Quando parliamo di diritto internazionale c’è la teoria e la pratica. Quello che accade nel concreto può essere qualcosa che non ci piace o non è giusto, ma avviene. Le parole di Tajani vogliono dire che dobbiamo entrare nell’ottica che il mondo negli ultimi dieci anni è cambiato, piaccia o meno, a me non piace. Il soft power occidentale ed americano era predominante in passato, oggi è tornato l’hard power. È vero che Israele sul tema delle acque internazionali a volte non lo rispetta, ma abbiamo già visto con la guerra in Ucraina che neanche la Russia ha rispettato il diritto internazionale. Chi fa politica come il ministro degli Esteri deve partire da questo dato di realtà. Nel momento in cui la Flotilla ha avuto la possibilità di lasciare gli aiuti a Cipro e far sì che vengano consegnati, evitando i rischi del blocco navale, penso che fosse un atteggiamento responsabile rispondere a quell’appello.

Mettendo da parte le polemiche sulla Flotilla, credo che il vero valore di questa iniziativa fosse simbolico, accendere un faro sul blocco degli aiuti messo in atto da Israele nei confronti dei cittadini di Gaza, ma sembra che il messaggio si sia perso. Se le azioni simboliche pacifiche non bastano, quale strada bisognerebbe intraprendere per riconoscere e affrontare il problema? Il governo rivendica i risultati diplomatici che ha portato a casa. Quali sono?

C’è sicuramente un tema di carestia e carenza di aiuti umanitari a Gaza, su cui il Governo ha messo in atto un’iniziativa importante, Food for Gaza. Quando parliamo del tema della difficoltà di far arrivare aiuti penso che vada fatta una descrizione molto più completa della questione. Ho trascorso due settimane a Kerem Shalom, il valico al confine tra Israele, Egitto e Gaza e ho visto entrare centinaia di camion di aiuti. Il problema è che sono messi in campi umanitari per lo smistamento. Ma c’è un problema logistico. Ci sono difficoltà nel far arrivare alle persone gli aiuti dai campi dove vengono lasciati. Il secondo problema è Hamas, che minaccia la popolazione palestinese affinché non vadano a ritirare figli aiuti. Quindi, spesso le persone non possono recarsi a ritirarli. Il valico di Rafa, fino a poco tempo fa, era chiuso per scelta dell’Egitto. È compito e dovere dei governi occidentali far sì che questa situazione sia superata.

Ha nuovi progetti editoriali in cantiere che può anticiparci?

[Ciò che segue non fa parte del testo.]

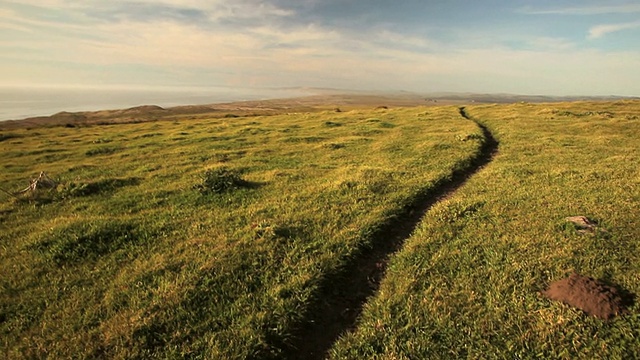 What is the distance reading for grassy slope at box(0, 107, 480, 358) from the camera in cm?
692

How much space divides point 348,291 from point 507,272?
4.03 metres

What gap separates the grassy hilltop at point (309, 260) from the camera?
6.75 m

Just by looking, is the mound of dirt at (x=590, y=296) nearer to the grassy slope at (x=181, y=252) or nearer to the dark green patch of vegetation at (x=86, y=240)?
the grassy slope at (x=181, y=252)

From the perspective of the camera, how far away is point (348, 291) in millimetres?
8602

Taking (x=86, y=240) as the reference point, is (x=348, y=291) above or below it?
below

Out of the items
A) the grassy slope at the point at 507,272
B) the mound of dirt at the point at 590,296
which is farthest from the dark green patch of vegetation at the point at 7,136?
the mound of dirt at the point at 590,296

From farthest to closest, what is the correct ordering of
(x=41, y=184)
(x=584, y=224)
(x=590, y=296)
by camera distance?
1. (x=41, y=184)
2. (x=584, y=224)
3. (x=590, y=296)

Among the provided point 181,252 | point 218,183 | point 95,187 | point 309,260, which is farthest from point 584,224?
point 95,187

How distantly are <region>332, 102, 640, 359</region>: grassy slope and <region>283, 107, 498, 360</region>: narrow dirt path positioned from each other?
14.9 inches

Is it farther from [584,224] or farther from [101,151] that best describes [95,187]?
[584,224]

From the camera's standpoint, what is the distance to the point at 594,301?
23.6 feet

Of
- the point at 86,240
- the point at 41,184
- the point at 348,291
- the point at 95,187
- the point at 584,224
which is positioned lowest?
the point at 348,291

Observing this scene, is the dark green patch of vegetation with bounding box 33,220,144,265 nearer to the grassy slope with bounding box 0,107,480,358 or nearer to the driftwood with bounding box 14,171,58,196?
the grassy slope with bounding box 0,107,480,358

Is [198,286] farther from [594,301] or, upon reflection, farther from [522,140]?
[522,140] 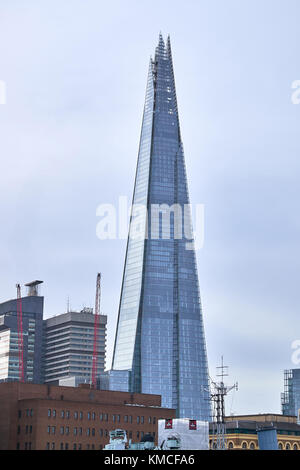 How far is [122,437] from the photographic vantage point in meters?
185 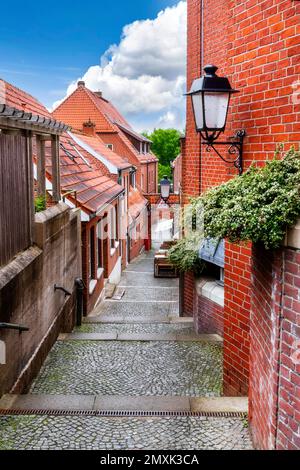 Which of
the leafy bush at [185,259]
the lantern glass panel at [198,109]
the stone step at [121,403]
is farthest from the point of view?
the leafy bush at [185,259]

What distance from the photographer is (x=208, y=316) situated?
952 cm

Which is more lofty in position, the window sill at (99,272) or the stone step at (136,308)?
the window sill at (99,272)

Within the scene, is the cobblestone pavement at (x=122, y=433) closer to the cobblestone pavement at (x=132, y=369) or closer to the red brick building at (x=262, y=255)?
the red brick building at (x=262, y=255)

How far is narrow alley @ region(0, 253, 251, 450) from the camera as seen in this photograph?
4.99 metres

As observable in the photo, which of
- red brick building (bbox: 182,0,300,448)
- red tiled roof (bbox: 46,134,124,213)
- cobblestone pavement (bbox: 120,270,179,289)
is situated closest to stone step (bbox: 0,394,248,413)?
red brick building (bbox: 182,0,300,448)

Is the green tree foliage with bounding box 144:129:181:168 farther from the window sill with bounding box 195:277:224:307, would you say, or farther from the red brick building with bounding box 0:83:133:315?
the window sill with bounding box 195:277:224:307

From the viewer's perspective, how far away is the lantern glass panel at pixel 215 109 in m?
5.52

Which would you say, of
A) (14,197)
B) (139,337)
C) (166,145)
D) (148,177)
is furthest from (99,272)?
(166,145)

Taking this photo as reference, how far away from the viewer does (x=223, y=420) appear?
17.7 ft

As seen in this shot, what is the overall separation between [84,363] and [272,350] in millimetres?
4398

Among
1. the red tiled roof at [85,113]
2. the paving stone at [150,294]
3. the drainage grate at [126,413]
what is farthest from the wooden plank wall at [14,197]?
the red tiled roof at [85,113]

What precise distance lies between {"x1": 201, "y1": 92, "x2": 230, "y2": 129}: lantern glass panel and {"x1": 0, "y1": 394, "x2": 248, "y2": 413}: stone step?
3.08 m

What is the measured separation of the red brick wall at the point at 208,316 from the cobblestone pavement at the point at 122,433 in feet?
12.1

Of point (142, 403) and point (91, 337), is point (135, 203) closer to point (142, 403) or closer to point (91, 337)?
point (91, 337) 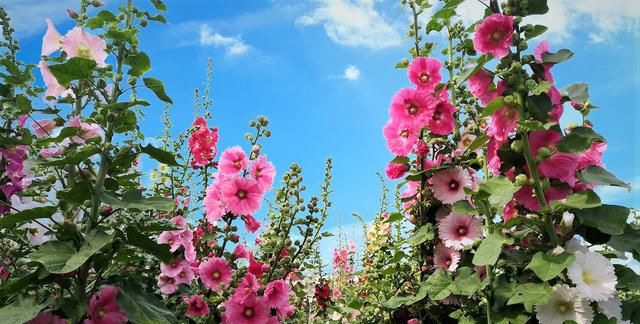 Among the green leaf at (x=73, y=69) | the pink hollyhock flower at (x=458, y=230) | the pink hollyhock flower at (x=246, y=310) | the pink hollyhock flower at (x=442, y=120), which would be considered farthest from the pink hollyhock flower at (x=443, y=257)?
the green leaf at (x=73, y=69)

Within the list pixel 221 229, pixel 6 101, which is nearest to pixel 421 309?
pixel 221 229

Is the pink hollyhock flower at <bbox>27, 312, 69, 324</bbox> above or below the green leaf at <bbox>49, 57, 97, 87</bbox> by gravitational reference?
below

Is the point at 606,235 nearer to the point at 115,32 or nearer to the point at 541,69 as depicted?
the point at 541,69

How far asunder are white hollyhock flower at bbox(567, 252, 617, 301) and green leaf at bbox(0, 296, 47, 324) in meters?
1.42

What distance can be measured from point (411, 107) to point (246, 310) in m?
0.88

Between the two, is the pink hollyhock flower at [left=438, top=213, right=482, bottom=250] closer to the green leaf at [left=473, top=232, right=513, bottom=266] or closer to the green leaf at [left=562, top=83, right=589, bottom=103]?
the green leaf at [left=473, top=232, right=513, bottom=266]

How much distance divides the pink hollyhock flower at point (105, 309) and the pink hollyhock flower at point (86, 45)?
2.36 feet

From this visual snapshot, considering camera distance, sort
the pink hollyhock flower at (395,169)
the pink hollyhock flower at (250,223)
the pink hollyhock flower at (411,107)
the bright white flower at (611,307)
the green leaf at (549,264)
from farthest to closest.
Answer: the pink hollyhock flower at (250,223)
the pink hollyhock flower at (395,169)
the pink hollyhock flower at (411,107)
the bright white flower at (611,307)
the green leaf at (549,264)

Con la nostra casa editrice stiamo continuando a pubblicare, oltre ad autori italiani, anche molti americani di grande peso in questo momento storico e utili per comprendere cosa sta accadendo negli Usa. Il libro “Cambio di regime” di Patrick Deneen, in particolare, è dedicato alla crisi dell’ordine liberale. Stiamo traducendo un libro scritto da Kevin Roberts, presidente dell’Heritage Foundation, oltre a un volume di Roger Scruton dedicato ai pensatori della sinistra. Al tempo stesso, continuiamo a pubblicare tanti autori e riscoperte nel Pantheon Letterario, con un libro dedicato alla figura di Matteotti scritto da Filippo Turati.